TL;DR: Every Ravio benchmark now shows exactly how it was built so you can explain your compensation decisions with clarity, not guesswork.
Compensation decisions don't happen in isolation. You pull a benchmark, build a band, present it to leadership and then comes the question: "How do we know this is accurate?"
If you can't explain where the number came from, that's when the second-guessing starts.
That's why we've enhanced how we show benchmark confidence in Ravio. We show our methodology for every benchmark, so you can stand by it.
Four confidence levels. One quality bar.
Every benchmark now carries a confidence indicator: Exceptional, Very Strong, Strong, or Moderate. Each reflects the size and diversity of the underlying dataset and the strength of the signal that data is giving us.
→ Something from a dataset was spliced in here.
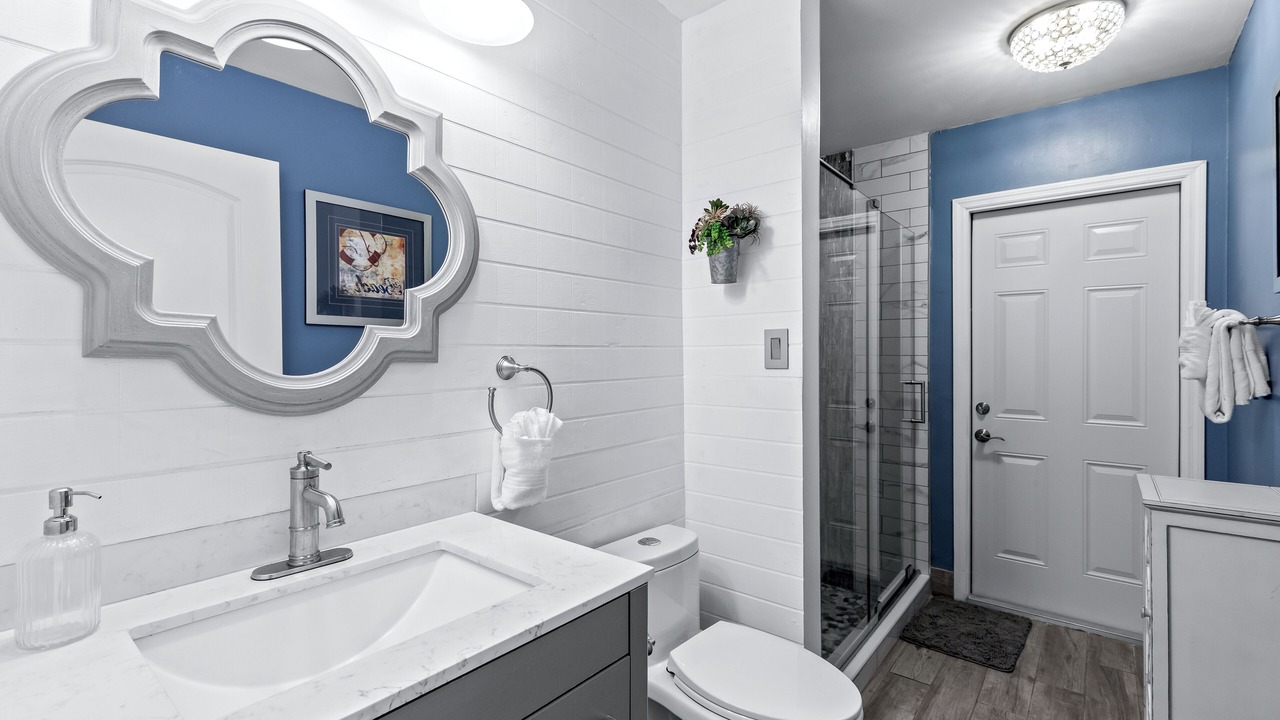 Photo of Bathroom in Greenview Shores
You'll notice there's no "low confidence" option. That's deliberate. We only publish benchmarks that meet our quality thresholds – if we can't defend it, we don't publish it.
Click into any benchmark and you'll see the methodology: verified data sources, in-house mapping and levelling, real-time validation, and the QA checks we run before publication.
For each benchmark we give you precise sample sizes. Our Exceptional benchmarks are built on a large number of employees from a diverse range of companies. For every benchmark, we give you the size of the dataset we used to build it, including the subset of data which aligns with your selected filters.

Filling gaps without hiding the method
When our market data doesn’t meet our publishing thresholds (it may not be large or diverse enough), we use calculated benchmarks. Gap filling between experience levels, comparative analysis from similar roles, regional market factors. Rather than hiding behind a “black box”, we show how the benchmark was produced in our new Methodology tab.
Location differentials work similarly. When we have strong data in a base location but limited coverage for your target market and role combination, we calculate a role-specific differential and show you the reference locations and positions that informed it.
- Reference location: We use a suitable reference location that correlates with your target benchmark location.
- Optimal base position selection: We select an optimal base position that correlates with your benchmark position – typically other positions within the same function.
- Role-specific differential calculation: We calculate the role-specific differential between the base benchmark and target benchmark based on a relevant location, positions, levels, and market filters.
- Benchmark calculation: We multiply the base benchmark by the differential to calculate the target benchmark.
Why this matters
Picture this: Your CFO questions the Senior Engineer band you've just proposed. "Why is it £15k higher than last year?"
Without methodology transparency, you're relying on trust.
With it, you're showing data: verified HRIS data from 200+ companies in your peer group, rigorously validated by human QA checks, refreshed monthly from real-time data. "Trust me" becomes "here's how we know".
That's the difference transparency makes. Fewer debates. More autonomy. Confident compensation decisions backed by defensible benchmarks.

The bottom line
Confidence isn't about trusting us blindly. It's about understanding the methodology behind the benchmark - so you can show your working.
Every benchmark. Every confidence level. Every methodology decision. There to inform your decisions.